Course Overview

Is this class for me?

Interests

Ambiguities in ethics and platform policy → Try Moderator Mayhem
Complexity of organizational problems and tradeoffs associated with trust & safety → Try Trust & Safety Tycoon

Prerequisites

Requires coding in Python; intro CS background assumed
For research components, familiarity with at least one of:
- HCI / user studies
- ML methods
- Data science and statistics

Alternative Special Topics

If you find your interest lies in a specific subtopic of Trust & Safety, checkout one of the related special topics to this class:

Learning Outcomes

Overall T&S:

An understanding of the most pressing challenges for online global communication platforms
Foundational knowledge of current research in Online Trust and Safety
A draft policy proposal and a working implementation of that proposal

Content Moderation:

Understand the breadth of models for content moderation (reactive, proactive, community-governed, automated)
Conceptualize different approaches to moderating a space and reflect on how these models could evolve
Critically assess how automated content moderation mechanisms handle borderline and ambiguous cases

Algorithmic Tradeoffs:

Identify critical issues and ethical dilemmas in algorithmic systems, especially in T&S
Analyze technical, social, and policy-based responses to online harms (misinformation, extremist content, harassment, and others)
Develop in-depth knowledge of at least one selected harm type across the policy, technical, and organizational dimensions

Organizational Dynamics:

Understand platform T&S operations through the following categories:
- Account vs. content moderation
- Methods of Access vs.

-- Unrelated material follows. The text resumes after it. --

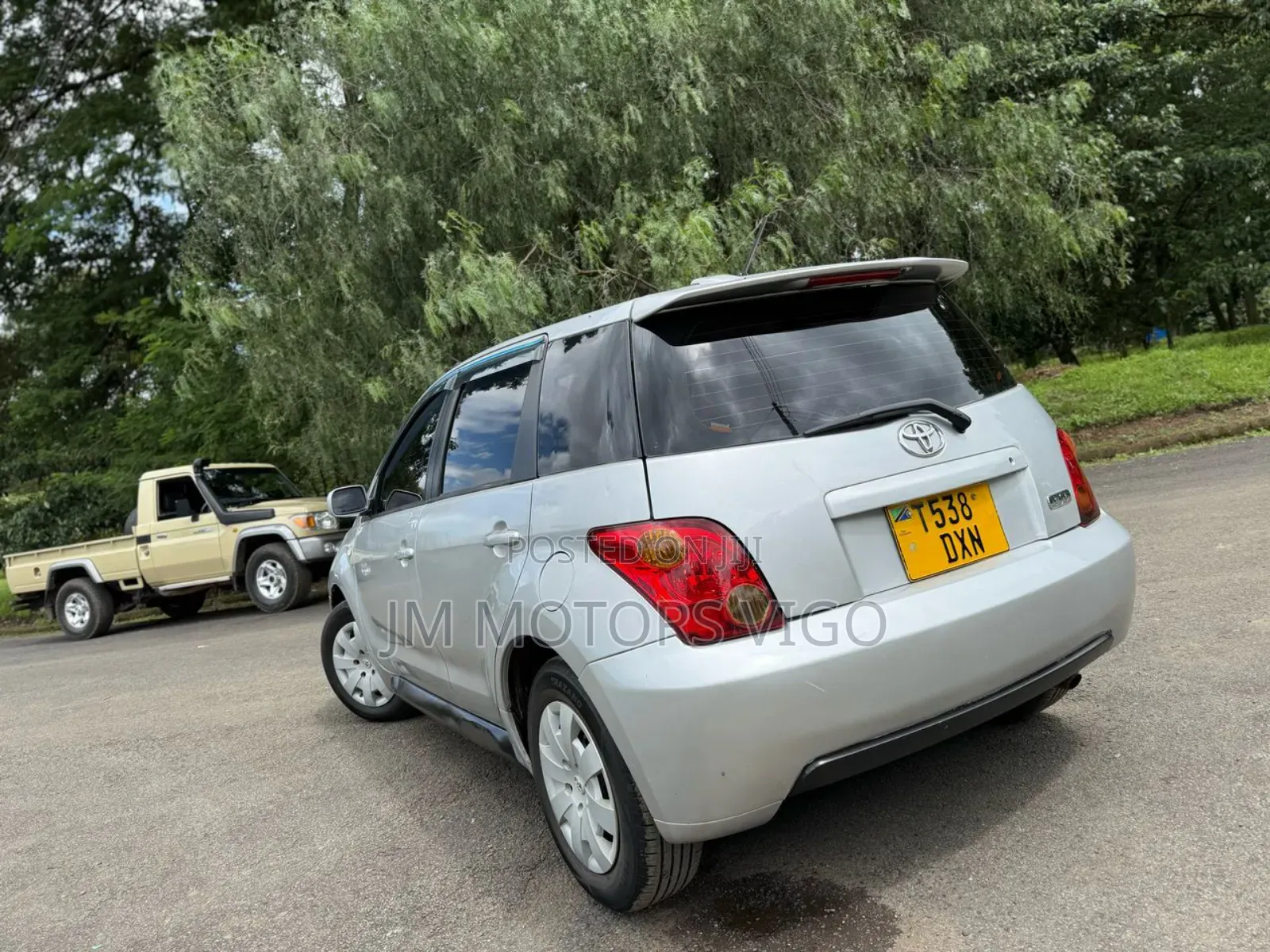 Toyota IST 2003 Silver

Harm
- Organizational vs. technical complexity (Content-Neutral Outcomes)

Assignments

The three assignments are designed to build on one another: reactive moderation → proactive moderation → applied research.

1. Assignment 1 - Discord Bot — Reactive Moderation

Source: Trust and Safety Engineering (Stanford CS152) + Cornell Tech CS 5342

A three-milestone project in which you act as the T&S team at a social media platform:

M1 (individual, Week 4): Abuse Research Report (2000–4000 words) covering one abuse type: description, actor/victim profiles, details, relevant technologies, and specific recommendations. Plus a Policy Comparison Table for three platforms.
M2 (group, Week 6): Design and implement a user reporting flow and behind-the-scenes moderator flow as a Discord bot in Python.
M3 (group, Week 6, extra credit): Extend the bot with automated detection — a classifier trained or prompted on your chosen abuse type.

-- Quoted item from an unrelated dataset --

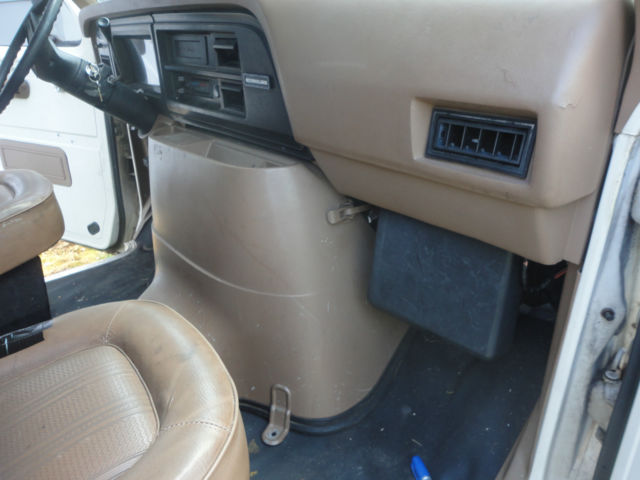 1988 Ford E-Series Van - photo 9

Full spec: Assignments/Discord Bot/Discord Bot.md

2. Assignment 2 - Bluesky Moderation — Proactive Moderation

Source: Cornell Tech CS 5342

Build a Bluesky labeler — a service that attaches categorical labels to posts and accounts. Users who subscribe to your labeler can configure how labels affect what they see.

M1: Labeler setup (AT Protocol, Bluesky account, starter code)
M2: Label posts matching T&S-related words and domains (text matching)
M3: Label posts linking to specific news sources (domain matching)
M4: Label dog photos using perceptual hashing (image matching)
M5 (policy proposal, Week 10): Extend your labeler to handle a harm of your choice; document your process, testing, and ethical analysis in a 10-minute video

Full spec: Assignments/Bluesky Moderation/Bluesky Moderation.md
Starter code: Assignments/Bluesky Moderation/bluesky_labeler_assignment/bluesky-assign3/

3. Assignment 3 - Podcast Factchecking — Applied T&S Research

Source: Irmetova, Liu, Teleki, Carragher, Zhang, & Caverlee (2026). PodChecker: An Interpretable Fact-Checking Companion for Podcasts.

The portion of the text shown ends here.